-------- Extracted data

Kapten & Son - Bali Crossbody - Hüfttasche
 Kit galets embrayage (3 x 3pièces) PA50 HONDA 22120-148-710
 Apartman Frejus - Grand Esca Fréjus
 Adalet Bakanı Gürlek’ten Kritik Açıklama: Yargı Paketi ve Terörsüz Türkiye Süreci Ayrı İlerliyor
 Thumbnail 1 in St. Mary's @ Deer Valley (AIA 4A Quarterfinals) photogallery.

----------------

Faithfully write out the entire listing, line by line.

Kapten & Son - Bali Crossbody - Hüfttasche
 Kit galets embrayage (3 x 3pièces) PA50 HONDA 22120-148-710
 Apartman Frejus - Grand Esca Fréjus
 Adalet Bakanı Gürlek’ten Kritik Açıklama: Yargı Paketi ve Terörsüz Türkiye Süreci Ayrı İlerliyor
 Thumbnail 1 in St. Mary's @ Deer Valley (AIA 4A Quarterfinals) photogallery.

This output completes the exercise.